Reytory Angola
Reytory Angola[note 1] (c. 1626 – 1689) was a Black woman from New Amsterdam. Brought to the colony as a slave of the Dutch West India Company, she received conditional manumission in 1644. In 1661, she became the first Black person to petition a legislature as an individual when she successfully requested the manumission of her adopted son.
Biography
[edit]The early life of Reytory Angola[note 1] is largely unknown. From her last name, it can be surmised that she was likely from Angola. She was brought to New Amsterdam as a slave of the Dutch West India Company sometime between 1626 and 1640. In addition to her native language and Dutch, she likely also spoke Spanish and Portuguese. While enslaved, Reytory was likely a house slave, though female slaves in New Amsterdam were sometimes also made to help male slaves in the construction of homes and roads. Sometime around 1640, she married Paulo d'Angola – who was one of the first enslaved people brought to New Amsterdam – though it is not known if the marriage was recognized by the Dutch Reformed Church in New Amsterdam.[1][2]
Reytory first appears in the historical record in 1643, when she witnessed the baptism of her godson Cleyn Anthony at a Dutch Reformed Church. When Anthony's mother died several weeks after giving birth, Reytory and her husband adopted the child.[2] Later in 1643, she and her husband were loaned by the Company to a visiting sea captain named Johann de Fries, who was fighting in Kieft's War. Reytory likely gave birth to the captain's son Jan. When the captain died, she raised the child and managed his inheritance.[3][4]
In February 1644, Paulo – who had been a slave of the Company for 15 years – successfully petitioned the director of New Netherland, Willem Kieft, for his and Reytory's freedom.[4] They were granted conditional manumission so long as they paid a yearly tax in produce and livestock; failure to pay this tax would lead to re-enslavement. Additionally, any children they had or would have would be slaves of the Company.[1][2] Reytory was also not given documentation, so her freedom was dependent on her husband's status. Kieft granted the couple six acres of land in a part of Manhattan then known as the Land of the Blacks due its high Black population, now Washington Square Park. Reytory inherited the land when her husband died in 1652 or 1653 while she was pregnant with their son Jacob.[2] She remarried in 1653 to a free Black landowner named Emmanuel Pietersz.[2][3]

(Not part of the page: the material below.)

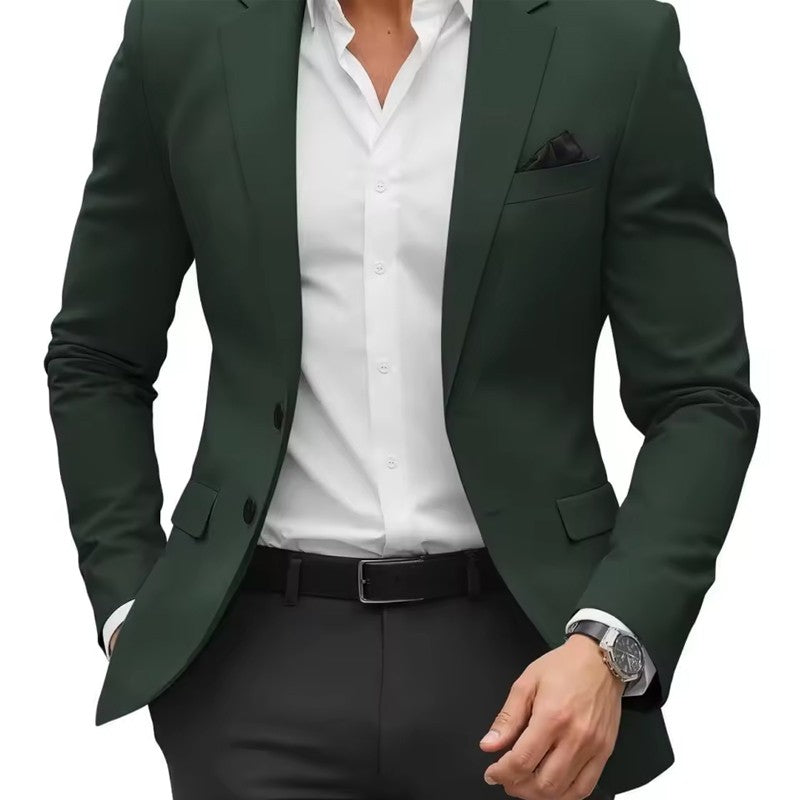 Four Seasons Men's Solid Color Suit Jacket Men's Slim Fit Version Flip Pocket Casual Suit Jacket Chest Fake Pocket Design Suit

With the assistance of Pietersz, Reytory petitioned the Dutch colonial administration in 1661 for the freedom of her adopted son Anthony, becoming the first individual Black person to petition a legislature. Reytory argued that Anthony was practically free as he had been raised without assistance from the Company.[1][2] The colonial record states that "with the fruit of her hands' bitter toil, she reared him as her own child, and up to the present supported him, taking all motherly solicitude and care for him, without the aid of anyone in the world".[5] Director Peter Stuyvesant agreed with this argument and granted Anthony a writ of manumission; Anthony was also named heir of his adopted parents' land. The New York Historical Society suggests that this likely indicates that Reytory had "acquired political and legal expertise during her years in the colony".[1][2]

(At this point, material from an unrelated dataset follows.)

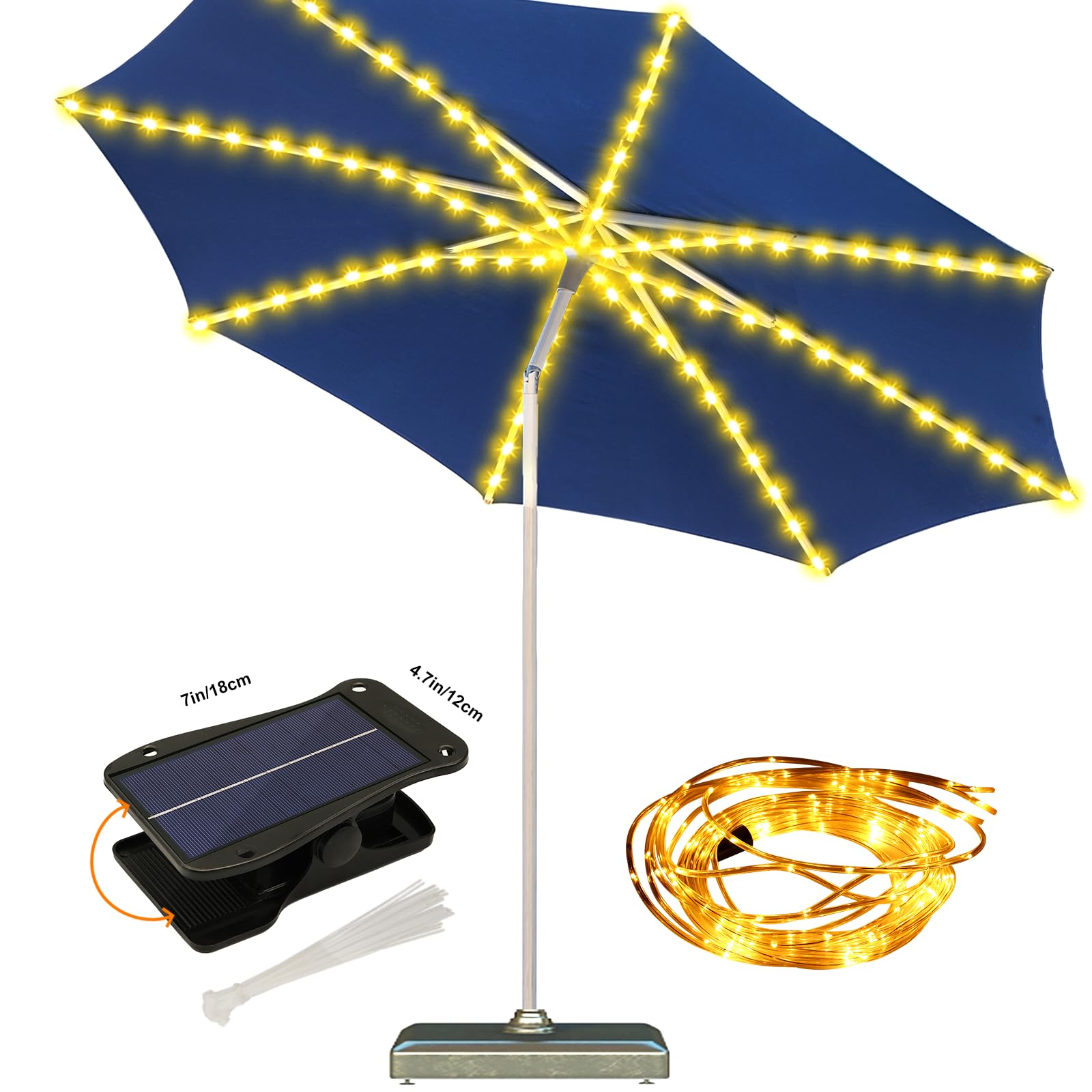 ZNYCYE Solar Umbrella Lights Outdoor - 152 LED Waterproof Patio Umbrella Lights with 8 Lighting Modes & Upgraded Large Solar Panel (5V) - Perfect for Patio, Deck, Garden, Beach and Backyard Decor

In 1664, the English conquered New Amsterdam and renamed it to New York. As the guarantees of freedom granted to Reytory's family came from the Dutch, it was unclear if they would be re-enslaved by the English, who were expanding slavery in their colonies. Stuyvesant advocated on behalf of the family, and the English confirmed their freedom and landholdings in 1667, though they "lived under the constant threat of re-enslavement" if the colonial laws changed. Reytory died in 1689.[1]
See also
[edit]Notes
[edit]References
[edit]- ^ a b c d e Boomer, Lee. "Life Story: Dorothy Angola". New York Historical. Archived from the original on 2025-01-08. Retrieved 2025-05-01.

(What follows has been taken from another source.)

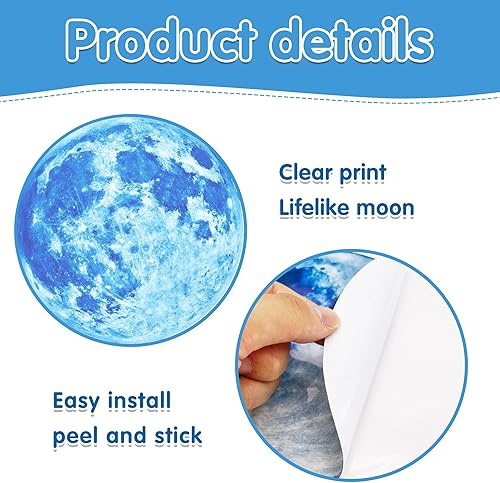 Miniatura 3 de Calcomanías de pared que brillan en la oscuridad, estrellas que brillan en la oscuridad, luna que brillan en la oscuridad, estrellas brillantes,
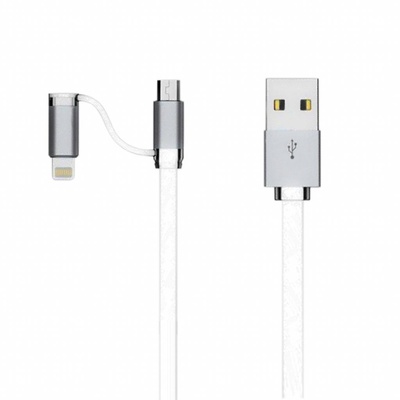 Дата кабель LDNIO LC84 iPhone 6/MicroUSB White 1m (48259)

- ^ a b c d e f g "Reytory Angola". Museum of the City of New York. Retrieved 2025-05-01.
- ^ a b "Dorothy Creole (ID: 660,077)". New Amsterdam History Center. Retrieved 2025-05-01.
- ^ a b Life Stories: Profiles of Black New Yorkers During Slavery and Emancipation (PDF). New York: New York Historical Society. 2019. p. 5.
- ^ Strong, Augusta (1967-01-04). "Negro Women in Freedom's Battles". Freedomways. 7 (4): 304.
Further reading
[edit]- Farrell, Molly (2022). "Accounting for Black Women's Freedom in Early America". Early American Literature. 57 (3): 943–950. ISSN 0012-8163. JSTOR 27180992.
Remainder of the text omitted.